__Assigned task__
Give all of the listing again word for word, with images excluded.

[Information supplied Boundary: Start]

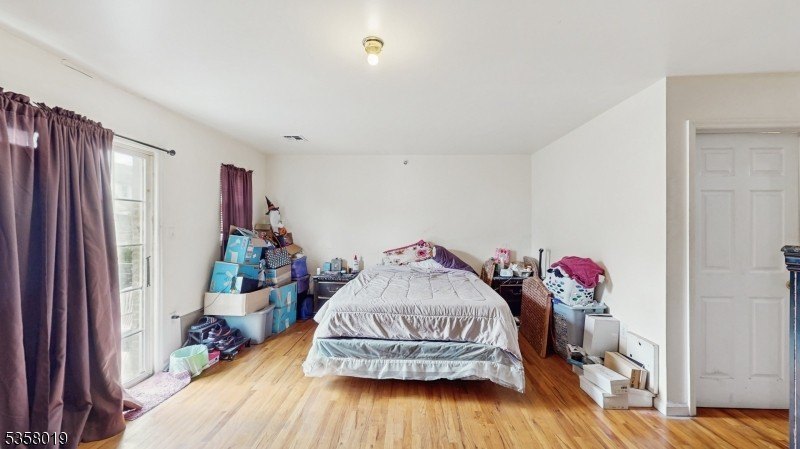 Picture 8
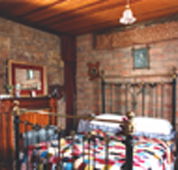 Hamilton's Cottage Collection and Country Gardens - Georges Cottage - Schoolies Week Accommodation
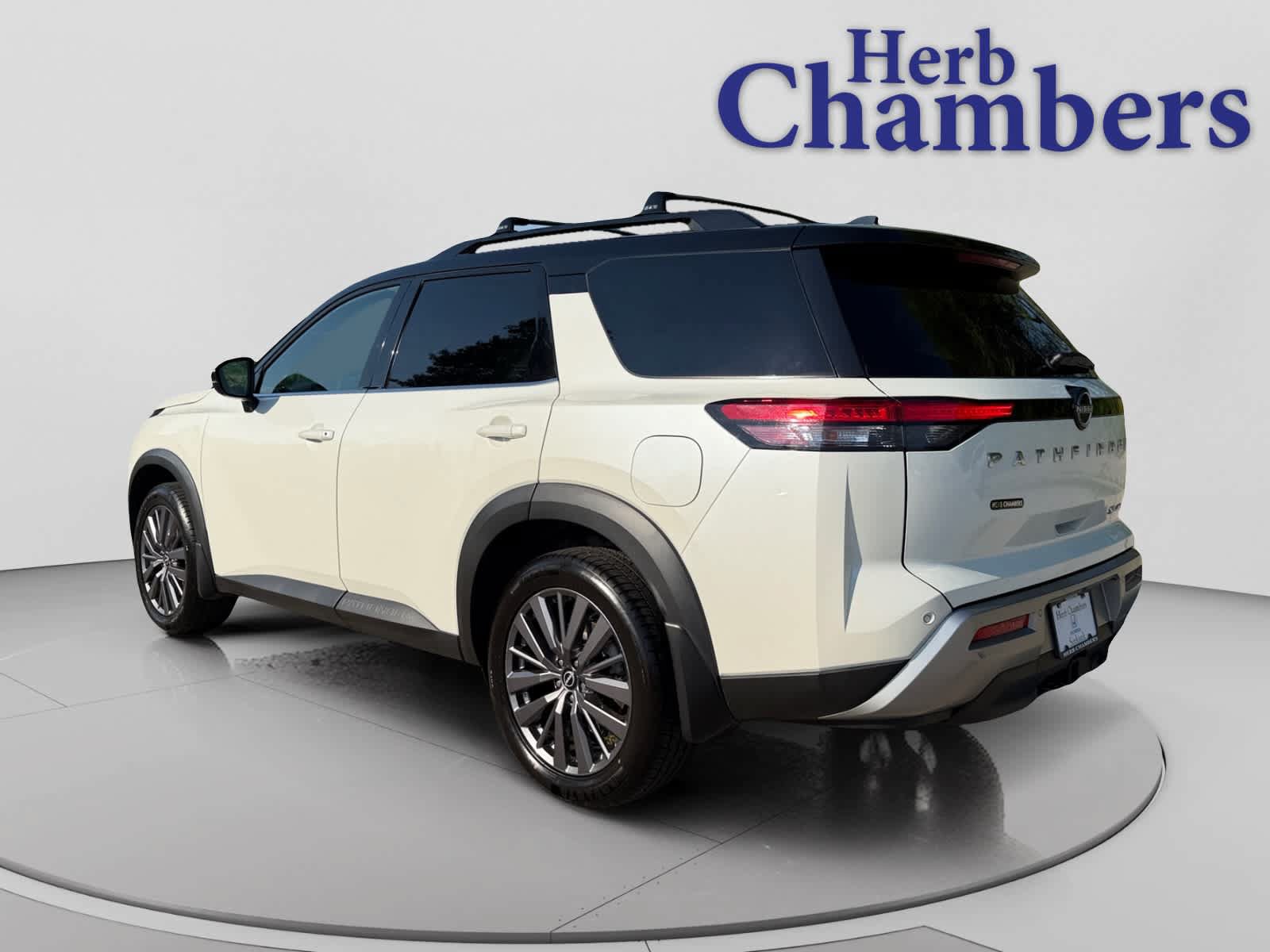 Used 2023 Nissan Pathfinder SL w/ SL Premium Package AWD/4WD image 3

[Information supplied Boundary: End]

__Completed exercise__
 Picture 8
 Hamilton's Cottage Collection and Country Gardens - Georges Cottage - Schoolies Week Accommodation
 Used 2023 Nissan Pathfinder SL w/ SL Premium Package AWD/4WD image 3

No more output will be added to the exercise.